Welcome to Polymathic Being, a place to explore counterintuitive insights across multiple domains. These essays take common topics and investigate them from different perspectives and disciplines to come up with unique insights and solutions.
Today's topic introduces an old Military Special Operations adage that I’ve found to be incredibly useful throughout my entire career. It’s a phrase I remind myself and others of quite regularly so that we can ensure the proper execution of a strategy or a task. It’s the ability to take it slow, make it smooth, and finish fast.
“Come on Ranger! MOVE IT! What the &*##^ are you doing RANGER! Disassemble that weapon and get it back together NOW!”
My hands fumbled and I rushed to reinsert the locking pin on the M249 Light Machine Gun and dropped it on the ground. I frantically pawed through the woodchips and dirt and wasn’t able to find it until after my time had run out for that skills test. I failed. I had one more try.
“Slow is smooth and smooth is fast.” A Ranger School classmate of mine whispered from behind me.

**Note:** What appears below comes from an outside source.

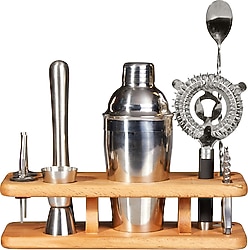 Biradlı GRV-1855 Ahşap Standlı 7 Parça Bar Seti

It was near the end of hell week, also known as the Ranger Assessment Program or RAP Week. I honestly don’t remember much except for puggle stick fighting, running, and crawling through mud with sand and dirt in every nook and cranny. I can’t say I forgot if I slept because we really didn’t get that luxury.
We were doing a final Soldier skills testing and this one was the disassembly, reassembly, and functions test of a Squad Automatic Weapon known as the M249 SAW. It was not a hard process, but it was a tight timeline, in the dark, with a light rain falling, I hadn’t slept in days, and the Ranger Instructor (RI) was screaming in my face.
Slow is smooth and smooth is fast.
It clicked. I took a breath, shook out my arms, and centered myself. “Ready Ranger?” the RI barked.
I nodded. “aaaaaand GO!”
I just took my time and moved steadily, this time blocking out the RI. He actually quieted down when he saw I wasn’t reacting to it anymore. I then smoothly reassembled the weapon and finished the functions test with half of my time allotment left.
I went slow, made it smooth, and ended fast.
Wu Wei
I wasn’t until many years later that I learned this concept is actually rooted in an ancient Taoist concept called Wu Wei. It’s a complex topic that the book Trying Not to Try explores in great detail but summarized, it’s what people call a flow state.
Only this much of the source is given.